Это подтверждает сказания Вульфстана; но последние призы (монета) не были так разорительны для наследников, как вульфстановские.
На месте погребения или сожжения тела Тилуссоны и Лигусшы играли на трубах, говаривали речи для утешения родных, прославляли деяния и подвиги покойника и напутствовали его разрешительною молитвою: «Иди, блаженный, из этого бренного мира в страну вечного веселья, где тебя не достигнуть враги». В заключение жрецы уверяли присутствующих, будто видят покойника, едущего по Млечному (по-литовски Птичьему) Пути на борзом коне, с тремя звездами в руке и вступающего в вечную обитель счастья в сопровождении друзей (Нарбутт, с. 352; Юцевич, 289–295).
Малецкий (Maelecius) в сочинении своем «De religione veterum Prussorum», описывая погребальные обряды пруссов и жмудинов, говорит, между прочим:
«Жена должна была 30 дней оплакивать мужа, сидя на его могиле, от восхода до захода солнца; родственники же его на 8, 6, 9 и 40-й день давали обеды, на которые приглашали душу его, молясь на пороге. За столом все безмолвствовали и не употребляли ножей. Служили гостям за столом две женщины. Частичку каждого кушанья бросали под стол и плескали на пол напитки, полагая, что этим питают души умерших. Что из съедаемого падало случайно под стол, того не поднимали, предоставляя душам сиротствующим, не имеющим никого из родных, которые бы могли сотворить им поминки и пригласить их на пир. По окончании трапезы жрец, совершавший жертву, прогонял души вон, произнося: «Гага, леле. душицы! Душицы, ну вэн!», т. е. «Вон».
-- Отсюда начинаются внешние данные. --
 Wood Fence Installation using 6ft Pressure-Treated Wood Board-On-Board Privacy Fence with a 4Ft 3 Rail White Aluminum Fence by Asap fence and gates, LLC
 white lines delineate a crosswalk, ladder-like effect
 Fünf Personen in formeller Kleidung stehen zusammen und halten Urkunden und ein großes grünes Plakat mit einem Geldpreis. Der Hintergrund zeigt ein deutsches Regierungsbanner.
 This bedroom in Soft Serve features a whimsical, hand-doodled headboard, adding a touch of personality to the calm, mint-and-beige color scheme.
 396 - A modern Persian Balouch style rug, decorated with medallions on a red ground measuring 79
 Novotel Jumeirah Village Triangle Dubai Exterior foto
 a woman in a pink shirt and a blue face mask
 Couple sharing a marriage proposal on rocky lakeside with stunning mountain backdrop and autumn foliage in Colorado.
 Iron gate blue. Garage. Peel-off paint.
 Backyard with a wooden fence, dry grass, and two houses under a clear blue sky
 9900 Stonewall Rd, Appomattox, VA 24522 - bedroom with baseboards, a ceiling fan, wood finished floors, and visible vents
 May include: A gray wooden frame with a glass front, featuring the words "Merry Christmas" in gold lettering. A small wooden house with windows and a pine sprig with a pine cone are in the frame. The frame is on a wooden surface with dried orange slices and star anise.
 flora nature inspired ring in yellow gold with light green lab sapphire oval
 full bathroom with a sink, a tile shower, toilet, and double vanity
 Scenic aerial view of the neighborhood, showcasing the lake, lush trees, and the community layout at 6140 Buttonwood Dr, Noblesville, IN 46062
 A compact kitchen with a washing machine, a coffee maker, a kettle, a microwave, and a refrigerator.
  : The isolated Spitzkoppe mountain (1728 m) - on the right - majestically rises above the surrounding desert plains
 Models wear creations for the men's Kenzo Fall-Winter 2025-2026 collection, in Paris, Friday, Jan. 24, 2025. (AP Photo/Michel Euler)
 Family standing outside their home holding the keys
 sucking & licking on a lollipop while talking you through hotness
Малецкий уверяет, будто это литовская форма. Тут нет ни одного литовского слова и целая фраза припоминает приведенную выше мниморусскую – его же: «Га, леле и прочь ти мене умарл?»
Юцевич на с. 292 сильно восстает против этой бессмыслицы и спрашивает: на каком языке существует форма «ну вэт»?
Малецкий заканчивает: «После этого начинался самый разгар пира и полнейшее веселье: мужчины и женщины пили взаимно за здоровье друг друга, полными кубками, обнимались, целовались и в конце напивались до бесчувствия. Таким пьянством заканчивалось каждое религиозное торжество поминовения душ умерших!»
Нарбутт на с. 354 оканчивает описание погребальных обрядов следующим образом:
«После сожжения покойника родственники и друзья его тщательно собирали пепел и остатки неперегоревших костей в урны, которые нередко отличались прекрасною отделкою; туда же бросали те вещицы, которые покойник любил при жизни: кольца, цепочки, браслеты, пряжки, запонки, шпильки от волос, разные металлические украшения, кораллы, янтарь в отделке и самородный, разные монеты, глиняные расписанные шарики и т. п. Некоторые из поименованных здесь металлических предметов были при разрытии впоследствии могильных курганов находимы в целости, а другие в пережженном и слипшемся от действия огня виде. Из этого можно заключить, что одни из этих вещей сжигались вместе с телом, а другие опускались в урны при погребении праха.
Не забывали также хоронить вместе с покойником когти хищных зверей и птиц в убеждении, что они будут нужны покойнику, чтобы взобраться на гору вечного блаженства».
В статье «Загробная жизнь» мы видели уже, что ради этой причины многие старики переставали обрезать себе ногти, без которых на том свете не могла обойтись ни одна душа, и что многие души, не сжигавшие обрезков ногтей своих при жизни, должны были бродить по смерти по кучам мусора и собирать эти обрезки до последнего кусочка.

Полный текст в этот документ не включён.